What is remarkable is that the Peels – Lester, his wife Susan and son James – only farm on 67 acres. That's not much more than a smallholding and their flock comprises just 35 ewes.
They also run a herd of 27 Hereford cattle where equally remarkable has been their return to pedigree success after losing their livestock during the foot and mouth year of 2001.
"We had the native pedigree breeds of Suffolks and Herefords before foot and mouth took us out, so when we re-stocked we started as we had before. Everything here is bred naturally. We buy stock in very rarely. I would like to get the Suffolks up to 50 breeding females but it is a long process because we cull very hard. You have to do that to keep the quality."
Lester, of Greystone Farm, Over Silton believes that one of the main reasons behind the current crop of excellent ewes and lambs is also down to the rams. "The ram we are using at the moment is from Ireland, although we also buy rams from Northumberland. This Irish tup has had a major influence on our females.
"We like sheep that conform to a breed standard and have real character. I like to see them with their heads up and looking perky."
Lester also had an exceptional finish to his agricultural show season. The Peels took the breed championship in the last six shows they entered including Nidderdale, where Lester grew up. He farmed between Bewerley and Greenhow, having moved to Pateley Bridge from Leeds when he was three years old. The final show of the season was the Masham Sheep Fair event held over two days.
"At Masham we took the Supreme Championship, beating the Texels. It's open to debate whether Texels, Charollais or Suffolk are the best, but this year the farmers have put Suffolks to the top. There has been a major swing back to the Suffolk and I think that's because they get the weight quicker than other breeds. Every Suffolk breeder needs to concentrate on good skins and a good carcass. If we all get those elements right I think Suffolks will be top again next year."
The ram that won Lester his Supreme title at Masham was sold early on in the year to a neighbouring farmer. But Lester had arranged with the ram's new owner that he would show him this season. The value of showing and entering all types of breed competition is something that Lester holds in high regard.
"We meet a lot of people at shows who then come and buy privately. Apart from three, we haven't marketed our sheep at all this year."

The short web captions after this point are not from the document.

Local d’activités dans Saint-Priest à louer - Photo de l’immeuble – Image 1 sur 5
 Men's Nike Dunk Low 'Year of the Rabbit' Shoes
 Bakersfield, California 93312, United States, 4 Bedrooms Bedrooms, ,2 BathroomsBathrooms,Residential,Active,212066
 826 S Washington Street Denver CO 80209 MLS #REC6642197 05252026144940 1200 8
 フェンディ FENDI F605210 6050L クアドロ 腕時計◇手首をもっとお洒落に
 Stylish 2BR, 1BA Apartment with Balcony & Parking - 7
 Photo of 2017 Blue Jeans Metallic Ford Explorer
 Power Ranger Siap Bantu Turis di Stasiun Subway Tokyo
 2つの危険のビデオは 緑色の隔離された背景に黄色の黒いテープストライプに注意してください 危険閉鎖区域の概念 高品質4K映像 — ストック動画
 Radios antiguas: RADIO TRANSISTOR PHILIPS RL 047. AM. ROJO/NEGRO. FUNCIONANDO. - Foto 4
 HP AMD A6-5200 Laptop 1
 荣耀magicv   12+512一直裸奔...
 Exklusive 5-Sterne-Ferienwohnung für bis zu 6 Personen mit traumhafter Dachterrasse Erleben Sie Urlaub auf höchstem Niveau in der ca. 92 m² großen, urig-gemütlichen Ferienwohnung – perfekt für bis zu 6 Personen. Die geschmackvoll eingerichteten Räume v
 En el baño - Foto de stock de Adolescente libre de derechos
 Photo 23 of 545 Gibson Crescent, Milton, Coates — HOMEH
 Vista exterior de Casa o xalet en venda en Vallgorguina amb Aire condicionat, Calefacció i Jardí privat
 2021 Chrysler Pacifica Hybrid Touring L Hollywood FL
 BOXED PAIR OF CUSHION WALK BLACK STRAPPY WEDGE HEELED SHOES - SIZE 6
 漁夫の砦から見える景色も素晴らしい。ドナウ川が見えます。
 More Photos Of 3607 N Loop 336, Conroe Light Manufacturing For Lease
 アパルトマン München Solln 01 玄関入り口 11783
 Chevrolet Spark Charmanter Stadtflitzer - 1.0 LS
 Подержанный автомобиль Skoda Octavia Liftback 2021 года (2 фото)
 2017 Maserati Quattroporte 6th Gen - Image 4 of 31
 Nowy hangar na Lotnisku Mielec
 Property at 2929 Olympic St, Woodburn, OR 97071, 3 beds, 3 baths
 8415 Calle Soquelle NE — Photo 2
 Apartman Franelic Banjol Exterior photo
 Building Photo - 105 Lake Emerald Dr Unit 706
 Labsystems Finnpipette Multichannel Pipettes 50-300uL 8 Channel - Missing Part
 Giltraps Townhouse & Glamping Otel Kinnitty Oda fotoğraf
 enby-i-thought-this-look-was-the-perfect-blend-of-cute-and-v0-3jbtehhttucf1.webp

The Hereford herd isn't shown, although there is a possibility that James may do so in the future. "We have no problem in selling them. We usually take them to around 17-18 months and sell them as stores for others to finish.
"I think people realise what they have been missing taste-wise once they have tasted Hereford beef, or Hereford crossed with either Simmental or Limousin as we produce.
"We are building up the herd and at present we have 15 calving. We would like to get that to 20. That's about as far as we can go with our acreage."
Making 67 acres viable involves more than concentrating on sheep and cattle breeding at Greystone Farm. Susan works full-time and Lester turns his hand to gardening and recently put in a new cattle handling system for a farmer nearby.
The couple also started a B&B business five years ago.
"When Susan's parents had this farm the vet that used to visit was Alf Wight, the real James Herriot. That's been quite a pull for holidaymakers."
Here on the western edge of the North York Moors, 800 feet above sea level, the Peels are sitting pretty right now. But Lester knows you are only as good as your last competition.
"We have bought a new ram from the Waltons' Roseden flock in Northumberland. It is always something of an unknown quantity when you're using a new ram, but we are looking forward to next year's lambing."